● **REQUIRED ACTION**
Skip every line before the one containing "Building Photo - 1414 N 15th St", then copy that line and the rest of the entries below exactly, through the last line.

BEGIN

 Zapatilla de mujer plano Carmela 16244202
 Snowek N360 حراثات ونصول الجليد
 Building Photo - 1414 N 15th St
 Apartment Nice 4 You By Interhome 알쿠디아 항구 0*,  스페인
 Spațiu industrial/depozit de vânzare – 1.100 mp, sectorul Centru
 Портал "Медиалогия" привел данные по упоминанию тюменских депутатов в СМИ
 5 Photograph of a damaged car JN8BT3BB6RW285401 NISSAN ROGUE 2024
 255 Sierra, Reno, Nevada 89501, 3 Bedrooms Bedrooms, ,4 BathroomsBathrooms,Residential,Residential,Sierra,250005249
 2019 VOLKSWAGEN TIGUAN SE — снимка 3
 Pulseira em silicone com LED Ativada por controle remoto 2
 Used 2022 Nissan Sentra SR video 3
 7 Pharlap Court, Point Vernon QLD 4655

END

● **SOLUTION TO THE EXERCISE**
 Building Photo - 1414 N 15th St
 Apartment Nice 4 You By Interhome 알쿠디아 항구 0*,  스페인
 Spațiu industrial/depozit de vânzare – 1.100 mp, sectorul Centru
 Портал "Медиалогия" привел данные по упоминанию тюменских депутатов в СМИ
 5 Photograph of a damaged car JN8BT3BB6RW285401 NISSAN ROGUE 2024
 255 Sierra, Reno, Nevada 89501, 3 Bedrooms Bedrooms, ,4 BathroomsBathrooms,Residential,Residential,Sierra,250005249
 2019 VOLKSWAGEN TIGUAN SE — снимка 3
 Pulseira em silicone com LED Ativada por controle remoto 2
 Used 2022 Nissan Sentra SR video 3
 7 Pharlap Court, Point Vernon QLD 4655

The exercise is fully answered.